5. Elevate your behavior.

When you sink to their level and play nasty, it can justify their actions. After all, you're being a jerk too. But when you rise above the fray and treat them well regardless of how they act towards you, a couple of things happen: you are doing the right thing by setting the standards for your own behavior instead of letting someone else do it for you, and your example may just shock them into better behavior.

6. Put it in writing.

It may not be safe to leave important decisions to a verbal agreement. To protect yourself, follow up by capturing the critical points in a quick email: "As we discussed, I will get you the sales figures by Wednesday for you to complete the quarterly report by Friday." Copying others involved has a way of keeping everyone on track, and it's harder for problem coworkers to come back with a different story.

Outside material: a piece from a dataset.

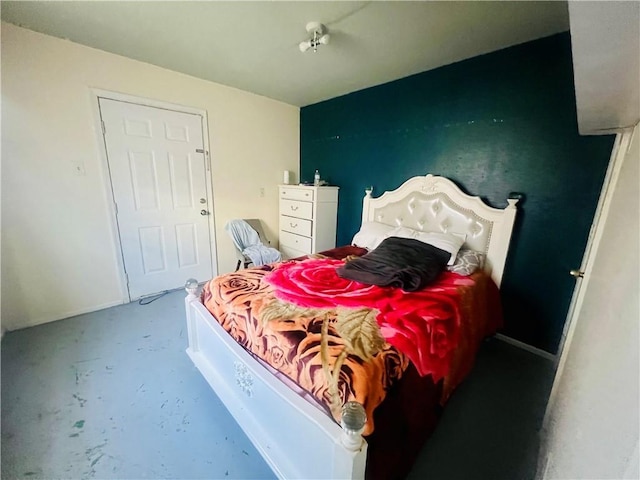 412729 Hollygrove St, New Orleans, LA 70118 - bedroom with concrete flooring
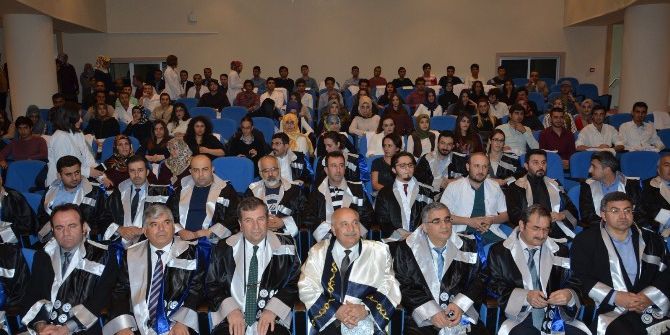 Diş Hekimliği Fakültesi Öğrencileri Önlük Giydi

7. Forge strong alliances.

The difficult person may irritate everyone around them, or they may have set their sights on you alone. Either way, you need a strong network of support. Build strategic, positive relationships both to demonstrate your ability to work well with others and to help keep your morale up.

8. Avoid complaining.

Don't let this person define your experience at work or turn you into someone who incessantly whines. If it gets to the point where you feel like the answer is to confront the individual or involve your supervisor, you need to stick to the facts. Unfortunately, hurt feelings don't count for much in many workplaces, but results do.

9. Document.

This is especially true if your workplace antagonist is your supervisor. It's one thing if they have a disagreeable personality, but it's another if they are doing things that violate company policy or constitute harassment. If this is the case, write down each incident with a time, date and notes about what happened. Do this in a personal notebook, not on the company computer. You will need good documentation if it needs to go to higher levels.

10. Reserve the right to leave.

Some work environments simply turn a blind eye to conflict among employees. If you can't resolve your issues and work in a supportive, pleasant atmosphere, consider transferring to another department or moving on to a better job.